QualiEd College (, abbreviated to QC) is a secondary school established in 2003 in Hong Kong by the QualiEd Educational Organization. It was approved by the Education Bureau to be managed under Man Kwan Educational Organization starting from 1December 2009. The school is located at 2, Kan Hok Lane, Tiu Keng Leng, Tseung Kwan O, Hong Kong. The full name of QualiEd is Quality Education. Pak Kau College, Pak Kau Continuing Education College, The Jockey Club Eduyoung College and Eduyoung Continuing Education College are run by the same educational organization (Man Kwan Educational Organization).

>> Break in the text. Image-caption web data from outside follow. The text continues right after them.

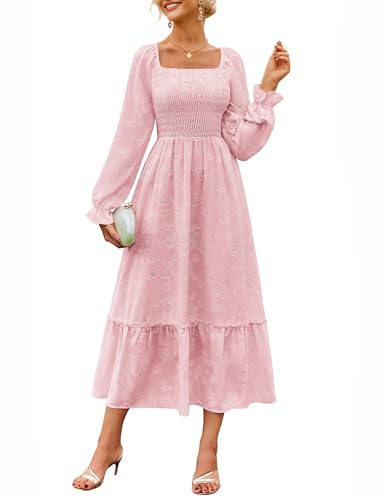 Langarm A Linie Lang Kleid Damen Casual Fashion Kleid CL213-2 XL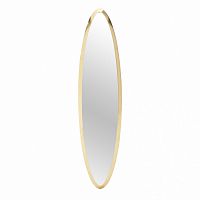 зеркало золотое овальное в узкой раме gold oval в Хабаровске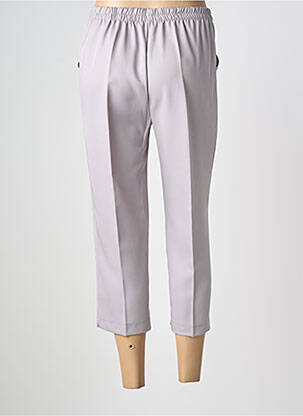 Pantacourt stretch taille normale gris PLURIELLES femme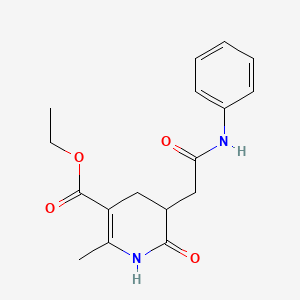 Ethyl 2-methyl-6-oxo-5-[2-oxo-2-(phenylamino)ethyl]-1,4,5,6-tetrahydropyridine-3-carboxylate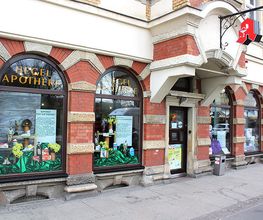 Aussenansicht der Hegel-Apotheke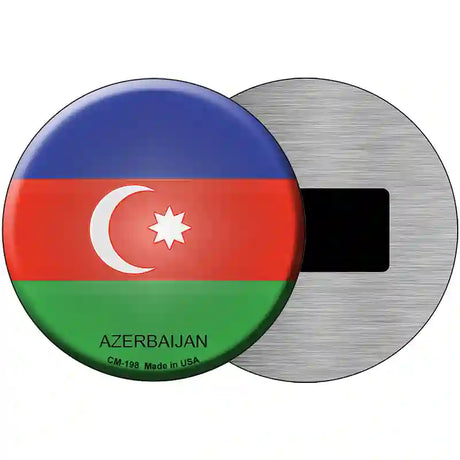 Azerbaijan Country Novelty Metal Circular Sign 3.5" (CM)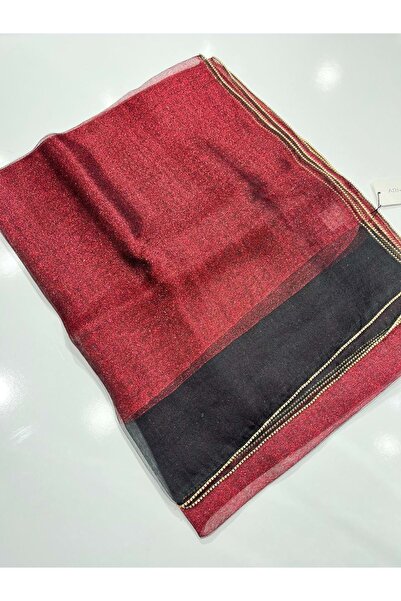 MERAM BUTİK أرماندا شال تول فضي مرصع بالجواهر 30% حرير - 6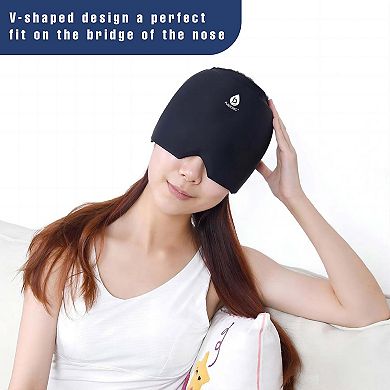 Reusable Hot And Cold Gel Ice Head Wrap Instant Migraine Relief Cap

QualiEd also provides some non-academic subjects to students such as Drama.
As QualiEd is a secondary school, it provides general secondary curriculum i.e.
 Secondary One to Secondary Seven (Old Secondary Curriculum)
 Secondary One to Secondary Six (New Secondary Curriculum)

QualiEd Professional and Continuing Education College
QualiEd Professional and Continuing Education College(QPCEC) is a subsidiary college of QualiEd College established in 2000 in Hong Kong by the QualiEd Educational Organization. The school is located at 2, Kan Hok Lane, Tiu Keng Leng, Tseung Kwan O, Hong Kong. QPCEC and QC are using the same teaching building. 
QPCEC provides higher education courses to Hong Kong students, such as: Diploma Programme, Higher Diploma Programme, Pre-AD, and Top-up Degree Programme.